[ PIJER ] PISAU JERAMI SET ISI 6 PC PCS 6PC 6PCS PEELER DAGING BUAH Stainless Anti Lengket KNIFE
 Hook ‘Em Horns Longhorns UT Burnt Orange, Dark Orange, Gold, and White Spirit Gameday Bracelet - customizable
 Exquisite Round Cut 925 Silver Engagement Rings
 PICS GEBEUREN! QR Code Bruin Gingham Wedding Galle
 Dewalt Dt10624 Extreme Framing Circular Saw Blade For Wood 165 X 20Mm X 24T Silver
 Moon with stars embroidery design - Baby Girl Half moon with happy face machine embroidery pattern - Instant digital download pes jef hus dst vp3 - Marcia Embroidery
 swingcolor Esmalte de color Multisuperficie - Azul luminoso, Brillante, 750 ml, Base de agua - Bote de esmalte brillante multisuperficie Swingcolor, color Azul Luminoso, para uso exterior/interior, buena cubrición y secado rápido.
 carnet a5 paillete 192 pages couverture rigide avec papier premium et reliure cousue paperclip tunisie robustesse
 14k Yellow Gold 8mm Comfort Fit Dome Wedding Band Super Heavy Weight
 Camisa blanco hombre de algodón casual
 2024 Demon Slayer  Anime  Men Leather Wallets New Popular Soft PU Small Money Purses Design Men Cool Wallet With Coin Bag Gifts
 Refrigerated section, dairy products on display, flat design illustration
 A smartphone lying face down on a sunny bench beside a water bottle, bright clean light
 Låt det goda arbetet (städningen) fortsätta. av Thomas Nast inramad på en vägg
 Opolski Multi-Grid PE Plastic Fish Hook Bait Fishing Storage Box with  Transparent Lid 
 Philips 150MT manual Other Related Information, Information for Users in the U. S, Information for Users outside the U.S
+--
== REQUIRED ACTION ==
Print again the lines of the entries above that fall between the line holding "Moon with stars" and the line holding "2024 Demon Slayer", inclusive, exactly as they stand.

== ANSWER TO THIS EXERCISE ==
 Moon with stars embroidery design - Baby Girl Half moon with happy face machine embroidery pattern - Instant digital download pes jef hus dst vp3 - Marcia Embroidery
 swingcolor Esmalte de color Multisuperficie - Azul luminoso, Brillante, 750 ml, Base de agua - Bote de esmalte brillante multisuperficie Swingcolor, color Azul Luminoso, para uso exterior/interior, buena cubrición y secado rápido.
 carnet a5 paillete 192 pages couverture rigide avec papier premium et reliure cousue paperclip tunisie robustesse
 14k Yellow Gold 8mm Comfort Fit Dome Wedding Band Super Heavy Weight
 Camisa blanco hombre de algodón casual
 2024 Demon Slayer  Anime  Men Leather Wallets New Popular Soft PU Small Money Purses Design Men Cool Wallet With Coin Bag Gifts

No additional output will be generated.